8

Is there a way to place horizontal lines with the group means on a plot without creating the summary data set ahead of time? I know this works, but I feel there must be a way to do this with just ggplot2.

library(dplyr)
library(ggplot2)
X <- data_frame(
  x = rep(1:5, 3),
  y = c(rnorm(5, 5, 0.5),
        rnorm(5, 3, 0.3),
        rnorm(5, 4, 0.7)),
  grp = rep(LETTERS[1:3], each = 5))

X.mean <- X %>%
  group_by(grp) %>%
  summarize(y = mean(y))

X %>%
  ggplot(aes(x = x, y = y, color = grp)) +
  geom_point(shape = 19) +
  geom_hline(data = X.mean, aes(group = grp, yintercept = y, color = grp)) +
  background_grid()

grouped mean lines

wdkrnls
  • 4,548
  • 7
  • 36
  • 64

1 Answers1

10

Expanding on my comment:

ggplot(X, aes(x = x, y = y, color = grp)) +
  geom_point(shape = 19) +
  stat_smooth(method="lm", formula=y~1, se=FALSE)+
  theme_bw()

So this applies a linear model with only the constant term, which returns the mean. Credit to this answer for the basic idea.

Edit: Response to OP's very clever suggestion.

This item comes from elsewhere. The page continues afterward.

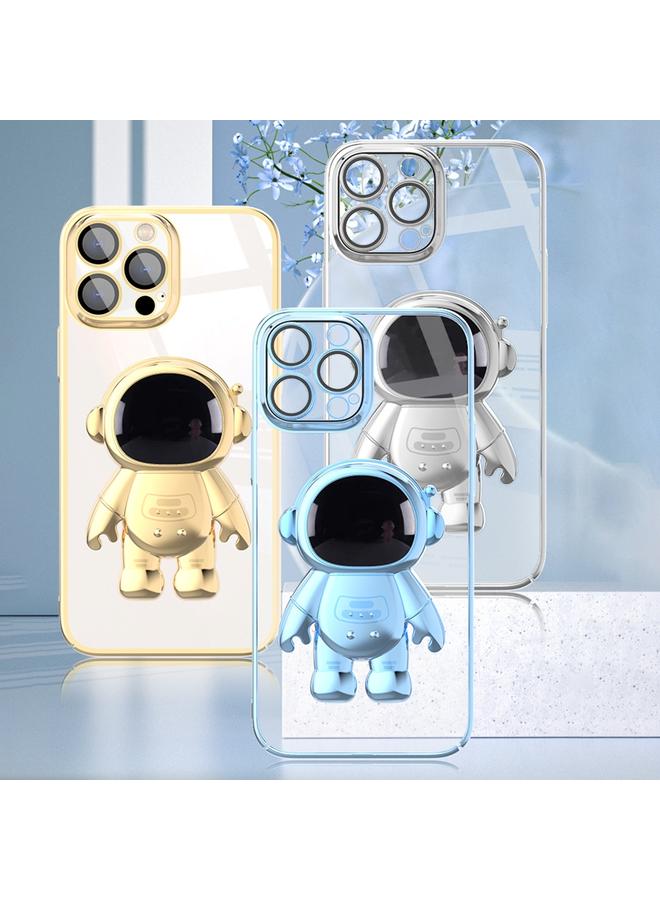 S-TOP Case For iPhone 12 Pro Electroplating PC Astronaut Holder Phone Case with Lens Film - Image 3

It looks like you can use quantile regression to generate the medians!

library(quantreg)
ggplot(X, aes(x = x, y = y, color = grp)) +
  geom_point(shape = 19) +
  stat_smooth(method="rq", formula=y~1, se=FALSE)+
  theme_bw()

The basic requirement for stat_smooth(method=..., ...) is that the method returns an object for which there is a predict(...) method. So here rq(...) returns an rq object and there is a predict.rq(...) method. You can get into trouble using se=TRUE sometimes as not all predict methods return standard errors of the estimates.

Community
  • 1
  • 1
jlhoward
  • 58,004
  • 7
  • 97
  • 140